Excerpts from Dmitry Medvedev’s opening remarks:
The Bank of Russia’s Board of Directors has just finished its meeting, during which it made the important decision to reduce its primary interest rate to 14 percent. This should make loans more accessible in different areas of the economy.
We adopted several decisions that allowed us to consolidate the general stability of the banking system. Let me remind you that we doubled the size of the insurance payout on deposits. Now, bank clients can rely on the return of 1.4 million roubles rather than 700 thousand as before, if their bank’s licence is revoked.
We also elaborated a system of measures to prevent the bankruptcy of banks by assisting those with liquidity problems.
Revenues from interest on deposits will no longer be taxed if they do not exceed the refinancing rate by 10 percent, as opposed to five percent, as was the case earlier.
We also allowed the National Wealth Fund to put up to 10 percent of its money in junior bonds of Russian banks.
All of these measures have made the market more reliable and stable and retained people’s confidence in banks.
During previous meetings, we discussed the increase of capitalisation, notably an asset contribution of up to 1 trillion roubles in the Deposit Insurance Agency (DIA).
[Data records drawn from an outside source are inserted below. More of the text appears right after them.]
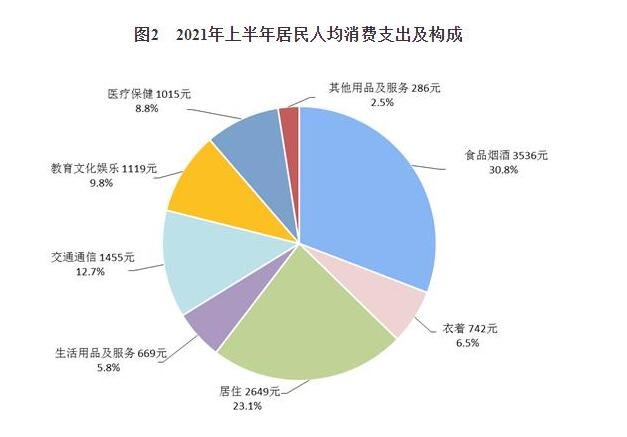 上半年人均可支配收入17642元，人均可支配收入为什么会增长，居民的消费支出情况如何
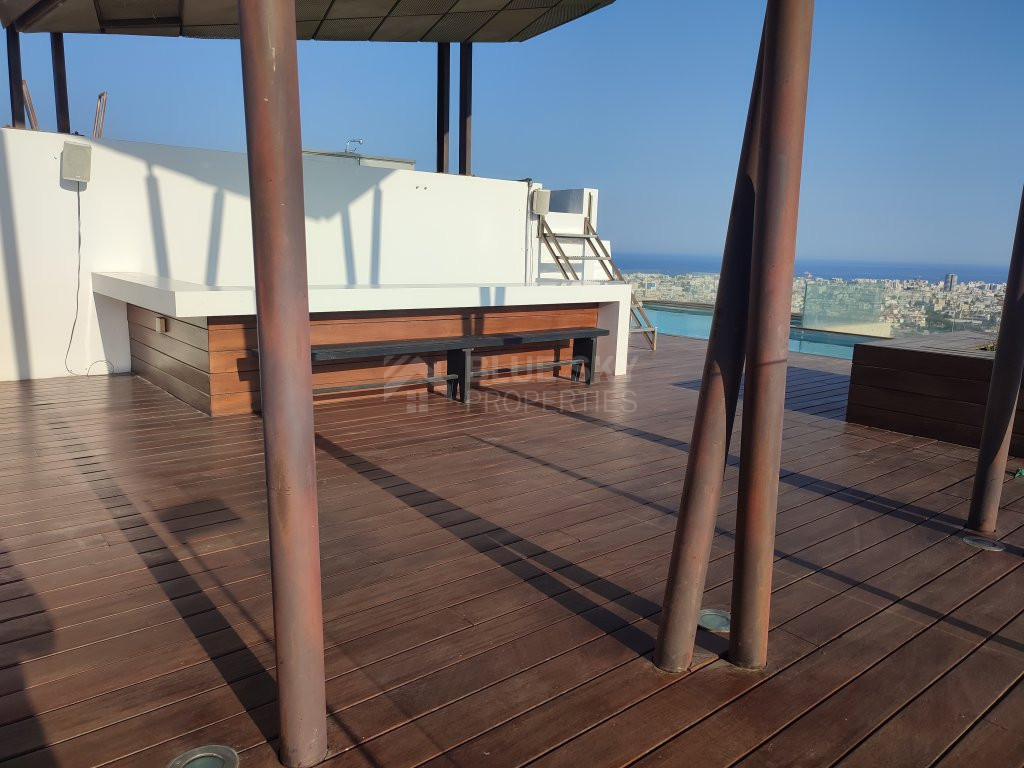 For Sale Luxury Four-Bedroom Penthouse with Panoramic Views of Limassol, in Panthea
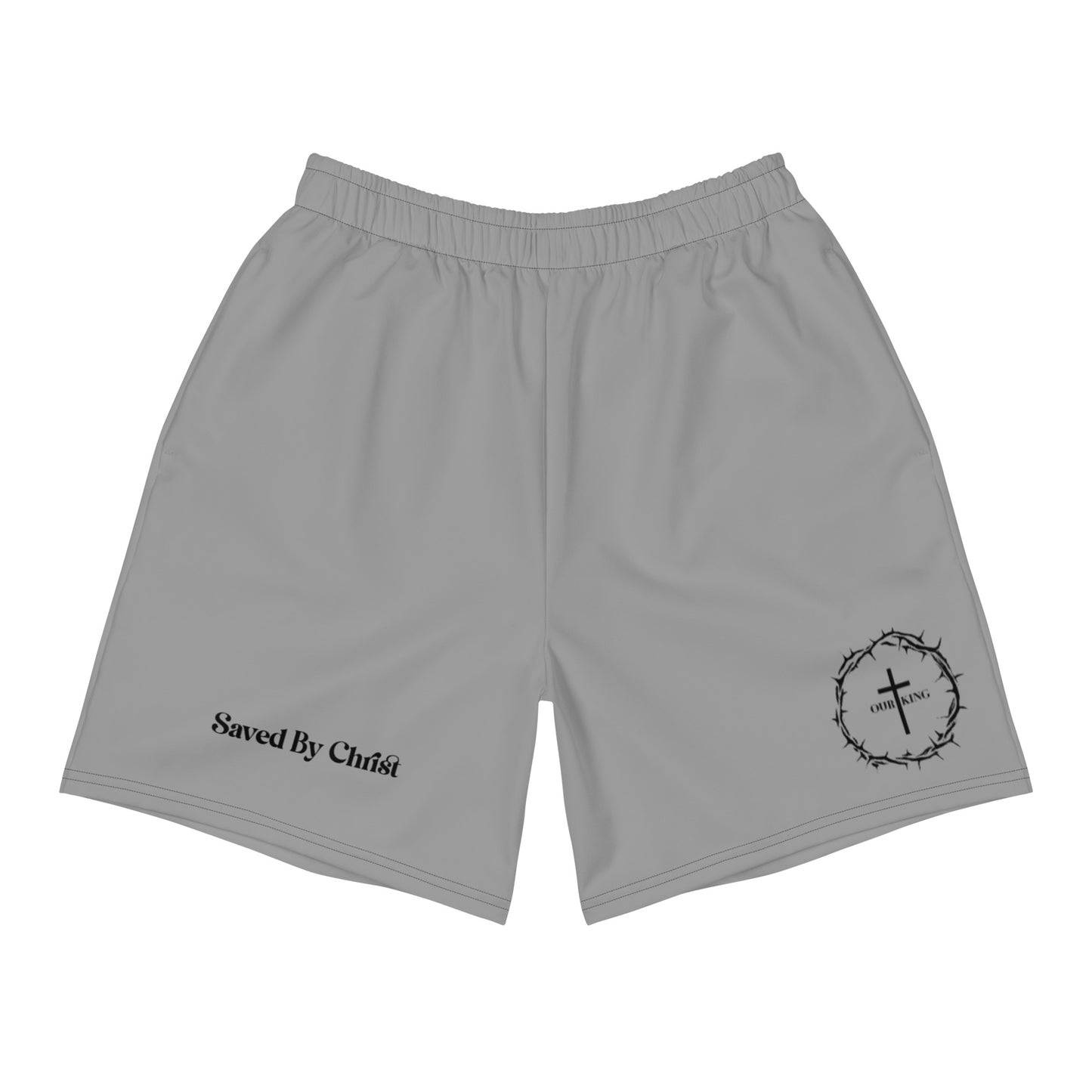 SAVED BY CHRIST SHORTS - Gray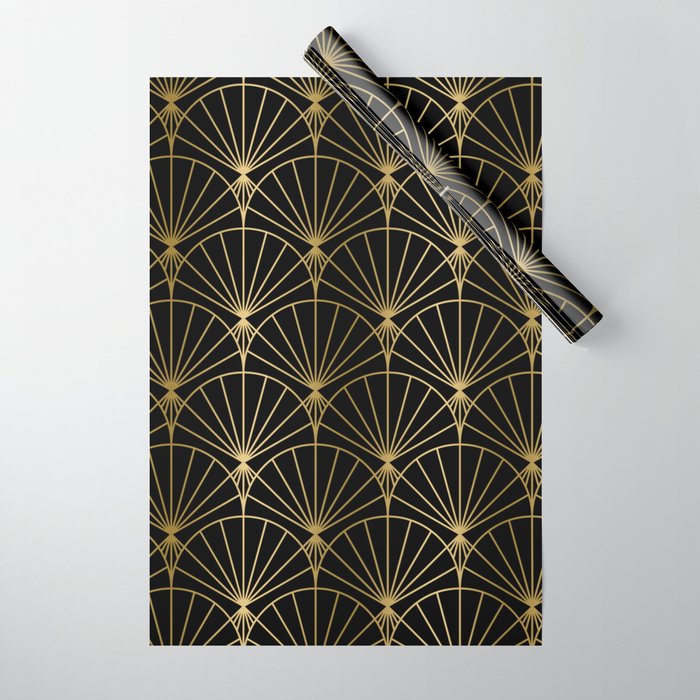 Geometric Gold Wrapping Paper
These funds were supposed to be in federal loan bonds placed in the junior obligations of banks. The relevant laws have been adopted; the Government has issued the relevant acts; the DIA Board of Directors has endorsed the procedure and terms for making such asset contributions and I approved a list of 27 banks that meet the established requirements. They have received proposals on capital top-ups.
Quite recently, the DIA made the decision to sign contracts with the first four banks and it intends to continue this work.
Needless to say, in the first place, support will be provided to banks that are actively lending money to the real economy, industry and agriculture. Our goal is to facilitate access to loans for those enterprises that work in priority areas.